The letter, signed by the Executive Director of AI Portugal, Pedro Neto, recalls Portugal’s responsibility “to ensure that companies or States with which it enters into agreements for the provision of services or the supply of professional staff comply with human rights, with other Portuguese legislation in force with regard to the professionals who will implement these agreements in practice, and with the legislation in force in Portugal, where the provision of services is actually carried out”.

“Having understood the principle of territoriality, Portugal cannot accept the extraterritorial application of Cuban laws in our country and which, moreover, are contrary to Portuguese legislation,” it adds.

Regarding the rights of freedom of expression, association and movement, AI asks that they be guaranteed “without more limitations” than those applicable under Portuguese law, and that it rejects that a “third and non-national State or company commit any type of interference with the sovereignty of our country and the Portuguese legislation applied to other citizens and residents”.

“In Portugal, Portuguese law must be complied with and it is exclusively up to the Government, the Public Prosecutor’s Office and other authorities and judicial bodies to monitor, within the scope of their powers, this compliance.
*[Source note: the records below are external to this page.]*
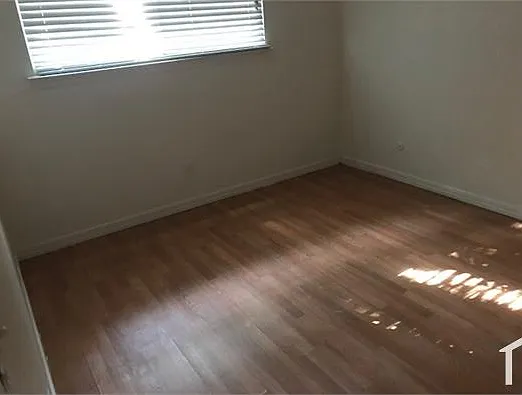 2 bed, 900 sqft, $1,677 — Photo 4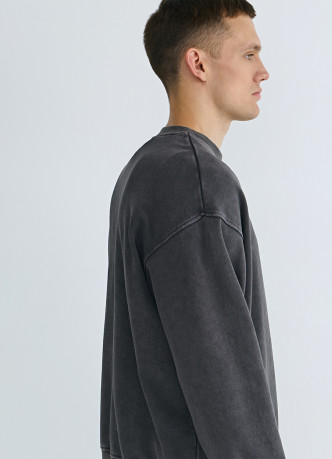 Свитшот с эффектом стирки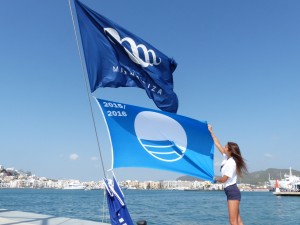 Momento en el que se ha izado la bandera azul en Marina Ibiza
The Portuguese government cannot, itself, or even indirectly, promote the opposite”, defends AI Portugal.

The human rights organization also asks for guarantees that the agreements established do not allow any repression for the relatives in Cuba of the doctors displaced in Portugal.

“In addition to the Portuguese government being able to develop this solution in a dignified manner, it should not fail to develop other solutions and efforts to guarantee the human right of access to health in Portugal, through the training of more health professionals in our country, with more measures to retain health professionals, with the coordination and optimization of all existing health services in the country so that access to health care is effectively guaranteed as a human right. All solutions to guarantee the human right that is access to health should not imply the violation of other human rights”, concludes the letter.

The Minister of Health announced that he intends to hire between 200 and 300 doctors in Latin America, who will be employed in primary health care in regions such as Alentejo, Algarve and Lisbon Vale do Tejo.